[Exercise inputs]:
^^^^^^^^^^^^^^^^

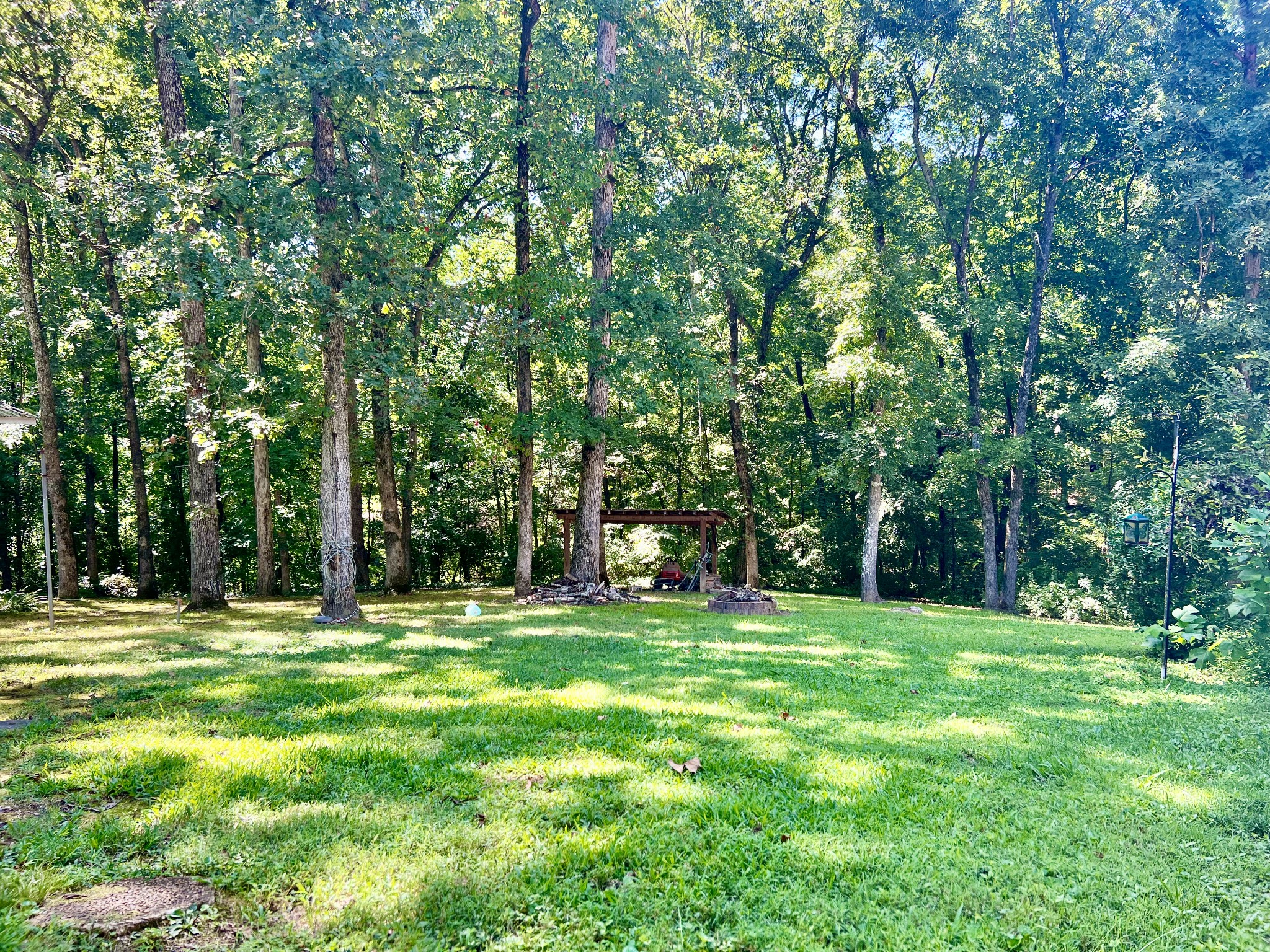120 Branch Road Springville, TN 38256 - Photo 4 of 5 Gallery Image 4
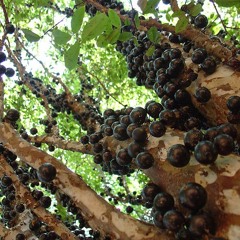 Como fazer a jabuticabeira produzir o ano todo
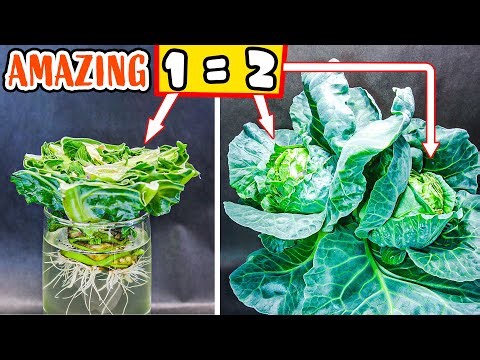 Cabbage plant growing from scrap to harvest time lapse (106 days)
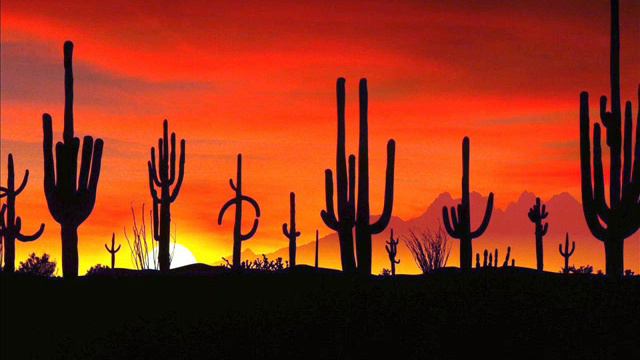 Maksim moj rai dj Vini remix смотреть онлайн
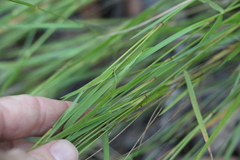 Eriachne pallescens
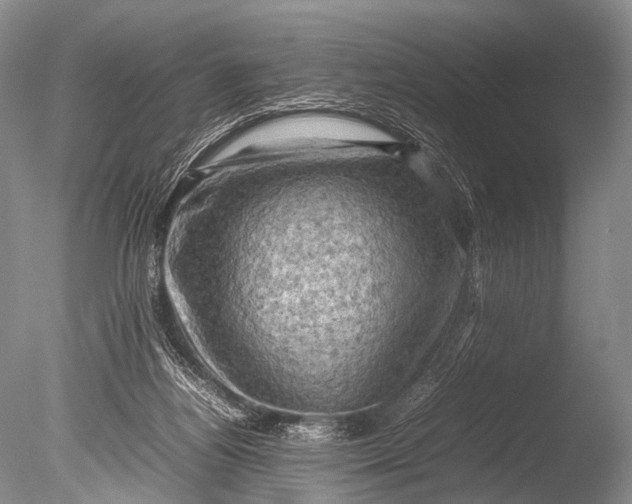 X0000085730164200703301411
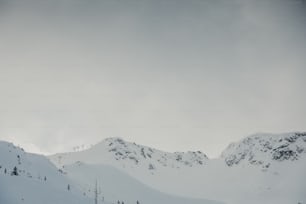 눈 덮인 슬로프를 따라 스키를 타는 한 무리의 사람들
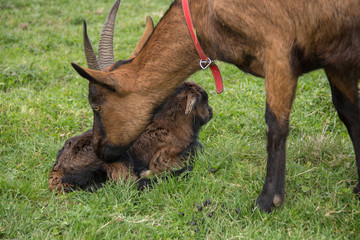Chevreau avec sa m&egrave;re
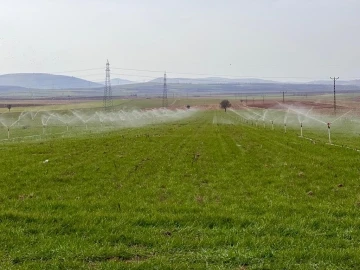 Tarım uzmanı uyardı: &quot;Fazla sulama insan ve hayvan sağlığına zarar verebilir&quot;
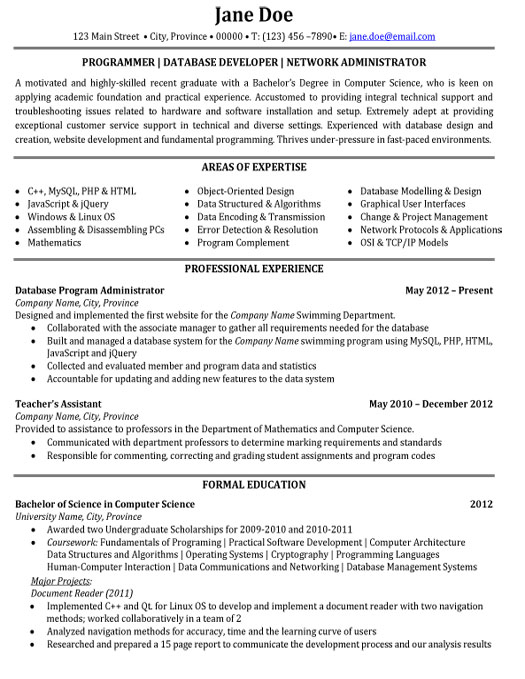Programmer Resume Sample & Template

^^^^^^^^^^^^^^^^

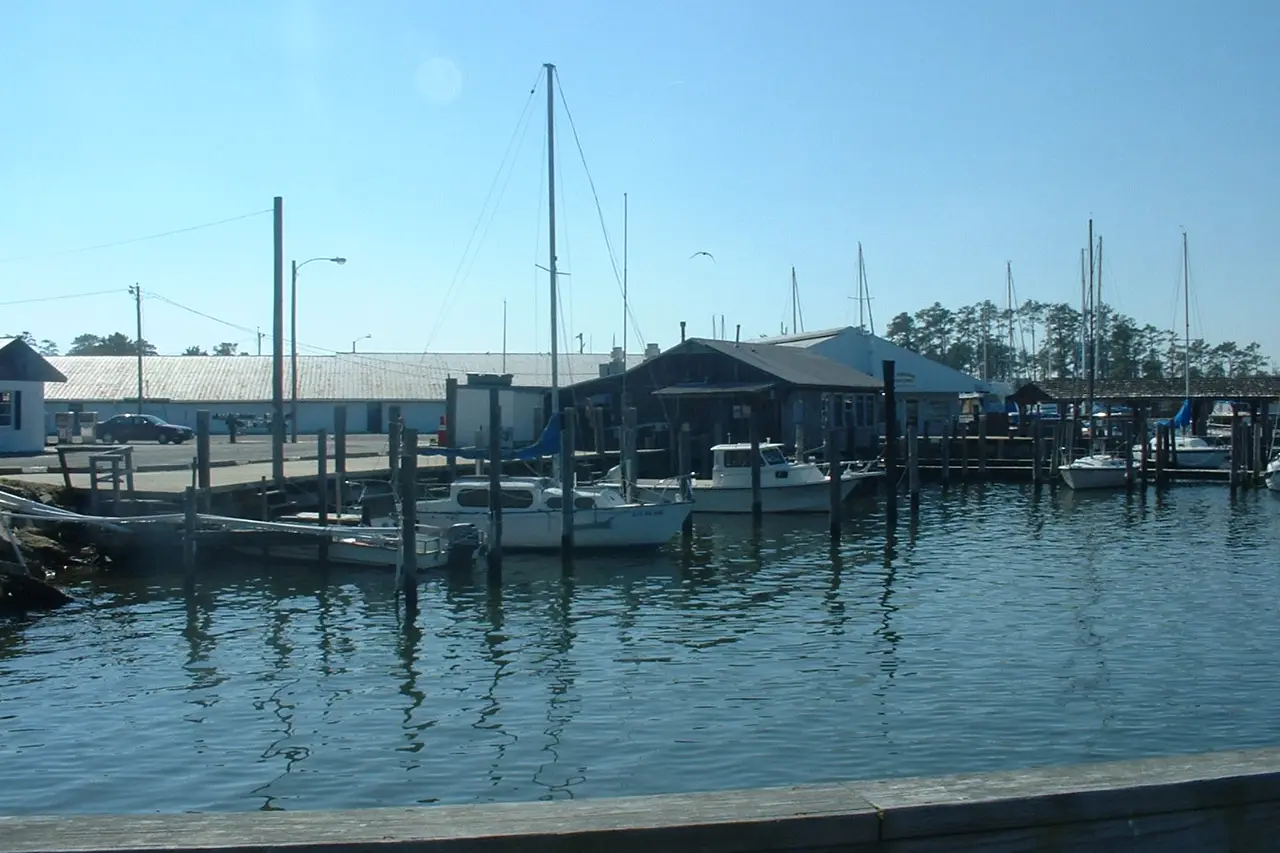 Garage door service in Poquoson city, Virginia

^^^^^^^^^^^^^^^^

[Task brief]: Write back word for word every line in the entries above from the one with "X0000085730164200703301411" to the one with "Programmer Resume Sample & Template", ends included, and none of the pictures.

[Response box]:
 X0000085730164200703301411
 눈 덮인 슬로프를 따라 스키를 타는 한 무리의 사람들
Chevreau avec sa m&egrave;re
 Tarım uzmanı uyardı: &quot;Fazla sulama insan ve hayvan sağlığına zarar verebilir&quot;
Programmer Resume Sample & Template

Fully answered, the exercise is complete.